President Obama nominated her in July. In September, the Senate Judiciary Committee held an uneventful hearing. The committee approved Saldana in December. The Senate then let her nomination die when Congress adjourned for 2010.
It appears she got caught in the mindless, shameless, pointless scuffling by which year after year, administration after administration, senators not of the president's political party batter innocent judges-in-waiting while blocking a handful of nominees whom one side or the other just doesn't want on the bench.
Last year, it was Republicans obstructing four highly qualified nominees they considered too liberal — and holding up numerous other fine candidates nobody really objected to. That intransigence, coupled with the hiatus around the November elections, resulted in the Senate not approving any judicial nominees between Aug. 5 and Dec. 10.

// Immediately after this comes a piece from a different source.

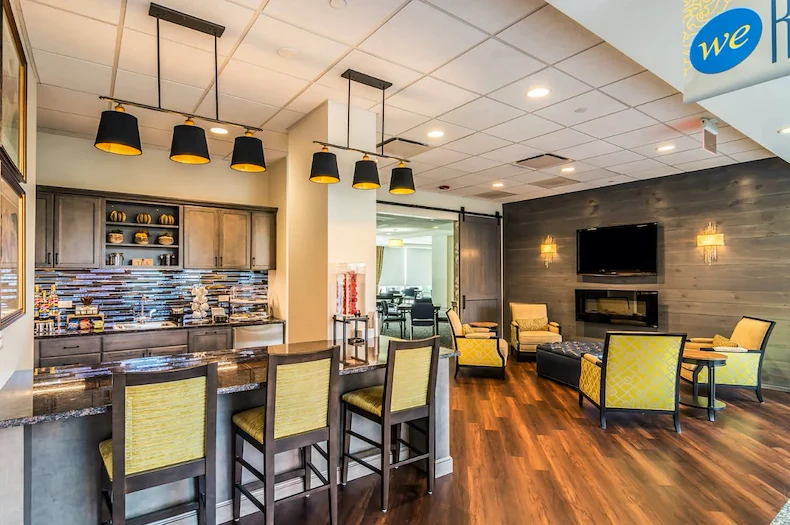 Image of Summit of Uptown (3)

The president wrote to Senate leaders from both parties in September complaining that the slow pace of confirmations hurt the dispensing of justice by leaving overburdened federal courts unable to serve the public as efficiently as they should.

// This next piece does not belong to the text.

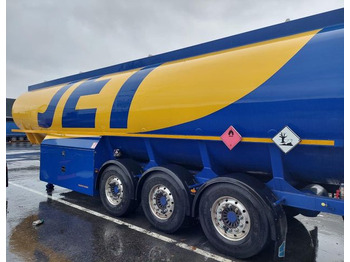 Полуприколка цистерна SCHWARZMÜLLER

"If there is a genuine concern about the qualifications of judicial nominees, that is a debate I welcome," Obama wrote. "But the consistent refusal to move promptly to have that debate, or to confirm even those nominees with broad, bipartisan support, does a disservice to the greatest traditions of this body and the American people it serves."
Individuals who agree to undergo the grinding scrutiny that the judicial selection process has become are entitled to the courtesy of a vote, regardless of whether senators like the nominees' record. That's as true when Democrats are the obstructionists as when Republicans are the culprits.
It apparently took some quiet deal-making to get 19 Obama judges confirmed in late December — most of them without dissent — but not Saldana or Marina Garcia Marmolejo, whom Obama nominated for a District Court in Galveston last summer.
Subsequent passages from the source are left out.